100 years is a long time and times have changed. No longer is it considered unacceptable to recall a great-grandfather who died at the Somme, or a great-uncle who sank in the mud at Passchendaele. To remember them is not a political statement, or a denial of the sacrifice of good men who died in the fight to gain freedom from my country’s rule. It is allowed now to simply remember the pain and the suffering and the grief felt by so many families who said goodbye to their loved ones and never saw them again.
There is a chapel in Ypres called St. George’s Memorial Chapel. On the walls of this chapel a large number of brass plaques have been placed by the most famous schools in Great Britain and Northern Ireland. However, there is no plaque anywhere there that remembers those from schools now in the Republic who made the ultimate sacrifice. When I first went there three years ago, I determined to put that right.

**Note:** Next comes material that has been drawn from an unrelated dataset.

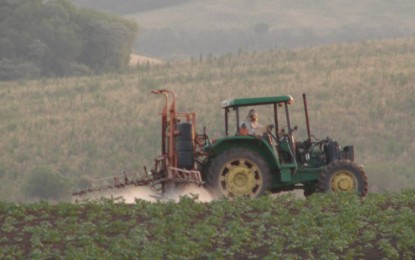 Denatran deve adiar emplacamentos de máquinas agrícolas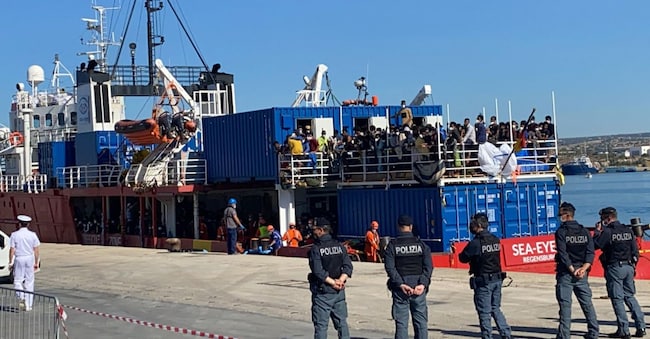 La nave Sea Eye 4 con 414 migranti a bordo, tra i quali 150 minori, soccorsi nei giorni scorsi nel Mediterraneo, nel porto di Pozallo (Ragusa), 21 maggio 2021. ANSA/ GIANNONE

This year, a group of Old Columbans and staff made a short pilgrimage to Ypres. We lay a wreath in the daily ceremony at the Menin Gate and made a tour of some of the sites that are significant to the Irish experience of the war. We also held a simple service in St. George’s Chapel to dedicate a plaque that the school commissioned in memory of the 72 former pupils and staff who died in the war. That number does not compare to the many hundreds from some of England’s greatest public schools who died, but in the years 1890-1914 St. Columba’s was a very small school and 72 dead represents an extraordinary proportion of the community. We read out all their names to do justice to the pain of their families.
It just feels appropriate that these young Irish men, who died in that awful conflict, should be remembered alongside so many others, who were their compatriots at the time.